A small blog where Matthias posted thoughts on things happening around Khan Academy. (Archived) About Me
This is the technical analysis of the KA’s code censoring, including discussion of how to bypass it, that I retracted from my earlier news post about link censoring, here. I felt obliged to report this to KA, so I filed a Zendesk report, and it has been fixed, so a lot of the below analysis is outdated.
//Searchs all KA's functions for any that contain "***", the string links are replaced with
webpackJsonp.flatMap(a => Object.keys(a[1]).map(p => a[1][p])).filter(f => f.toString().includes("***"));
The second function returned contains a lot of stuff that I ignored, and a snippet that looks something like this:
{
key: "hideExternalLinks",
value: function e (t) {
var a = /(([^<>()[\]\\.,;:\s@"]+(\.[^<>()[\]\\.,;:\s@"]+)*)|(".+"))@((\[[0-9]{1,3}\.[0-9]{1,3}\.[0-9]{1,3}\.[0-9]{1,3}])|(([a-zA-Z\-0-9]+\.)+[a-zA-Z]{2,}))/g;
var r = /(https?:\/\/)?(www\.)?[-a-zA-Z0-9@:%._+~#=]{2,256}\.[a-z]{2,6}\b([-a-zA-Z0-9@:%_+.~#?&//=]*)/g;
var n = "***";
return t.replace(a,n).replace(r,n);
}
}
This is the function KA calls with your bio to censor it. This looks hurried, maybe not developed for KA. The key "hideExternalLinks"
is interesting, because this hides all links, including KA links.
The first regular expression looks at emails; There’s a raw @
in the middle, and there’s a section after that [0-9]{1,3}\.[0-9]{1,3}\.[0-9]{1,3}\.[0-9]{1,3}
that might be looking for an IPv4, and that’s an alternative to a check for something, a period, something.
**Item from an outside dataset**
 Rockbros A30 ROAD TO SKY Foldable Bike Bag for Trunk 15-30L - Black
Before the @ is basically, ‘some number of non-special characters’. Quick testing confirms, email addresses in bios are blocked as well.
The second regular expression is more interesting than the first. It optionally checks for a http protocol and then optionally “www”. It then checks for between 2 and 256 characters. This makes me think this snippet wasn’t written for KA; because KA bios can only be 140 characters. We then have a period, and between 2 and 6 letters for a top level domain. This is very interesting, because TLDs can be more than 6 characters. The one I can think of off the top of my head is https://practical.engineering/; and indeed, this text was allowed in a bio.
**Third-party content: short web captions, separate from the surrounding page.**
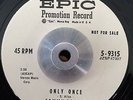 Tommy Prisco - Only Once / Stingaree - Epic DJ Promo 45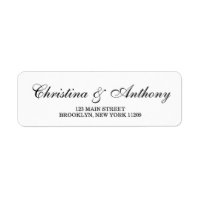Custom Wedding Monogram Rücksendeadressen-Aufklebe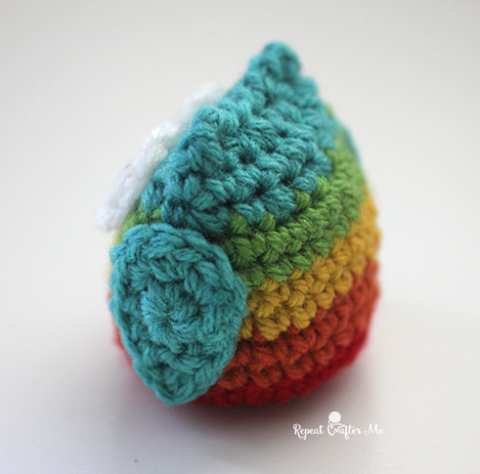 Crochet Owl Ring Baby Toy - Repeat Crafter Me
My first thought was that by adding _
, a word character in regular expressions, we can make a normal TLD (like .com
) look like .com
to a human, but look longer than 6 characters and therefore be ignored by this check. And for example, khanacademy.org____
was allowed in a bio.
But then I noticed that the characters checked for a TLD are only [a-z]
. And this regular expression is case sensitive so the website example.ORG
wouldn’t be viewed as a valid URL, and could be placed in a bio; despite the fact that hostnames should be case insensitive (RFC 4343). With this trick, I considered KA’s URL blocking to be bypassed.
To clarify, my criteria for bypass here is something that can be copied and pasted into the address bar and directly navigated to. Capitalizing .Com in a KA Hearth link, for instance, allows one to do that.
I felt morally obligated to report this to KA. However, I did so on Zendesk and not Hacker1 (though it probably could have been a Hacker1 report), because I don’t see this as a pressing security issue. And of course, I could imagine a time in the future where I wanted to take advantage of this. (As it is, I thought the risk that this was abused by our spammer friend too high.) Most of the bugs I have previously submitted through Zendesk have gone unfixed, and I was half-hoping this one would as well.
However, KA had fixed the issue within a day. I am happy with the response time on this, because it shows that occasionally bugs reported on Zendesk do get fixed. Additionally, I think the fact that I reported this so soon after it became an issue helped. The developer who worked on this still had the feature fresh in his/her mind. In the future, I think it’s important in getting bugs fixed to report them soon after they appear.
KA’s fixed code is now:
{
key: "hideExternalLinks",
value: function e(t){
var a = /(([^<>()[\]\\.,;:\s@"]+(\.[^<>()[\]\\.,;:\s@"]+)*)|(".+"))@((\[[0-9]{1,3}\.[0-9]{1,3}\.[0-9]{1,3}\.[0-9]{1,3}])|(([a-zA-Z\-0-9]+\.)+[a-zA-Z]{2,}))/g;
var r = /(https?:\/\/)?(www\.)?[-a-zA-Z0-9@:%._+~#=]{2,256}\.[a-zA-Z]{2,62}\b([-a-zA-Z0-9@:%_+.~#?&//=]*)/g;
var n = "***";
return t.replace(a,n).replace(r,n)
}
}
The key of course being [a-zA-Z]{2,62}
instead of [a-z]{2,6}
. It still might be possible to bypass this. (For example, it’s technically possible to have a .xn--fiqs8s
URL, the ASCII from the Chinese .中国. However, I don’t know any websites actually using this. .cn
is normally used in China.) However, any bypasses I can think of now are better accomplished by removing periods or using commas instead.
The fact that this link detection is so imperfect makes me wonder if it’s possible to preform a similar bypass on comment link detection. However, it would be much harder to discover, as we don’t have access to the serverside code that does link detection in comments.